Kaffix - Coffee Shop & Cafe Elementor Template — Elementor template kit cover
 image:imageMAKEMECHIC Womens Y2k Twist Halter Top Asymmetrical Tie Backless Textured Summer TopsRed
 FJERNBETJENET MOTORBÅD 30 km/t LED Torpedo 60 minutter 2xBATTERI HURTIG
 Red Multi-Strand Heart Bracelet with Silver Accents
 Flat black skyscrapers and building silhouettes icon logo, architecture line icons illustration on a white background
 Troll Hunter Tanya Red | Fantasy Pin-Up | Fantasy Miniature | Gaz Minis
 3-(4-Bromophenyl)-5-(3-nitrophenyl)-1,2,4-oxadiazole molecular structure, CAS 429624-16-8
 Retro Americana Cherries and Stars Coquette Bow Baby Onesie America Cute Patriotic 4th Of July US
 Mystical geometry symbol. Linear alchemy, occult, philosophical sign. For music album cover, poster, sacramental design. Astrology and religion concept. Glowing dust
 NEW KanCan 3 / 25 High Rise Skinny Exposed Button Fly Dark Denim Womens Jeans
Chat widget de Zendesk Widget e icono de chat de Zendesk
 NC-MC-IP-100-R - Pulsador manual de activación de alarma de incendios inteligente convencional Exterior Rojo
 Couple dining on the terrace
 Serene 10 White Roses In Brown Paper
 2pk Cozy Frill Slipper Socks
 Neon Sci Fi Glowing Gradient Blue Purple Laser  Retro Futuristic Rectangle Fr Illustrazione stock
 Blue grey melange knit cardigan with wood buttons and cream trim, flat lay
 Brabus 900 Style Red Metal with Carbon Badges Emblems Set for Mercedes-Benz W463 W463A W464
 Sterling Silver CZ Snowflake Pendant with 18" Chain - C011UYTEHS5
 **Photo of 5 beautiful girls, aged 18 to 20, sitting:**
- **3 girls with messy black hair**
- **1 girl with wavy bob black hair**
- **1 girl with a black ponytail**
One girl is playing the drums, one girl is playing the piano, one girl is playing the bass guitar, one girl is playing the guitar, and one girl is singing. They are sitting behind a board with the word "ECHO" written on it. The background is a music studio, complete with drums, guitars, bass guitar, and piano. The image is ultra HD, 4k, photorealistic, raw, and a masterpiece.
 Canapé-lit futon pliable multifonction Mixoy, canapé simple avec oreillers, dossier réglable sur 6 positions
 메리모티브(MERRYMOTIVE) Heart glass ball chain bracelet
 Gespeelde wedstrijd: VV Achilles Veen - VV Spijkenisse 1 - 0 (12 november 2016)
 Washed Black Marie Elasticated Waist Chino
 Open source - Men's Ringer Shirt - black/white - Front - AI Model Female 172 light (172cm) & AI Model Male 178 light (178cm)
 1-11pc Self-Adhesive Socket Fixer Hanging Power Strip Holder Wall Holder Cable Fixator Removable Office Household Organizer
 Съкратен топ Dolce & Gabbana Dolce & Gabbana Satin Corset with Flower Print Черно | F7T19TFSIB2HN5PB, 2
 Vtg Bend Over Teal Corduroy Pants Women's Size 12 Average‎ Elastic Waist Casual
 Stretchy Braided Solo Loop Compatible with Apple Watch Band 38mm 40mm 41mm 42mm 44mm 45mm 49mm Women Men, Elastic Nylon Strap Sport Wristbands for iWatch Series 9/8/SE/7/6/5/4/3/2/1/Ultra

----------

▶ [EXERCISE REQUIREMENTS] Read the lines above. Gather those in which the string "Glowing" is found.

▶ [SOLUTION]
 Mystical geometry symbol. Linear alchemy, occult, philosophical sign. For music album cover, poster, sacramental design. Astrology and religion concept. Glowing dust
 Neon Sci Fi Glowing Gradient Blue Purple Laser  Retro Futuristic Rectangle Fr Illustrazione stock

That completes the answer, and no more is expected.